In this work we studied generalisation capabilities of neural networks trained for the purpose of time series forecasting. We showed that there is a correspondence between good generalisation capability and small input and weight Hessians of the loss function at the minima found after training. A small input or weight Hessian corresponds to the smoothness of the trained function, or, in other words, the resistance of the output function to noise in the input or weights, respectively. The challenge lies in finding the optimal tradeoff between fit of the data and smoothness of the learned function, so as to avoid overfitting on the noise and underfitting on the signal of interest. We showed how to use the learning rate, the batch size and the number of iterations used in the training algorithm to bias the network into minima that posess a certain structure. Other aspects that may influence generalisation capabilities are the kind of activation function used: while not reported we noticed that the network is prone to overfitting when using the piecewise linear ReLU compared to the hyperbolic tangent or the sigmoid function. Furthermore, the network size itself also matters: deep networks, due to the larger amount of parameters, will more easily overfit on the noise, obtaining a low training error but a bad out-of-sample performance.

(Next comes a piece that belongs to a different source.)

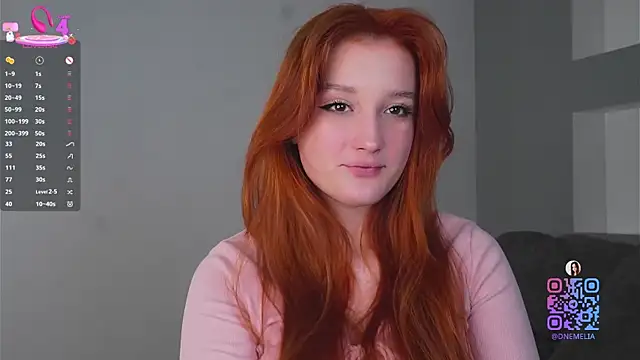 Snapshot of AmelieSeductress chatting on 25, 11, 2025 AmelieSeductress online show from 25, 11, 2025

While this work provided some insight into obtaining good generalisation for time series forecasting, forecasting remains a challenging task due to the non-linear and non-stationary distribution of the data. The typical assumption in statistical learning theory of having i.i.d. samples from some data-generating distribution does not hold in time series: there is a dependence between the obervations through time and the underlying distribution may change due to unobserved variables so that the train and test data might not be identically distributed. A relaxation that has become standard to deal with the independence assumption is to assume that the observations are drawn from a stationary mixing distribution (see e.g. [agarwal13], [mcdonald17]). The authors of [kuznetsov18] provide bounds that also hold for non-stationary time series. A related issue is that of generalisation in neural networks across different noise distributions. As has been mentioned in the work of [geirhos18]
, neural networks have trouble generalising when the noise distribution in the data they were trained on differs from the noise distribution in the test dataset. Understanding and solving this issue will prove valuable in time series forecasting, where the distribution of the noise in the observations could change over time. Obtaining theoretical results on e.g. the link between the generalisation error and the Hessian, and understanding how to make machine learning algorithms work in order to generalise in a non-i.i.d. setting is still a relevant and active topic of research which we aim to address in future work.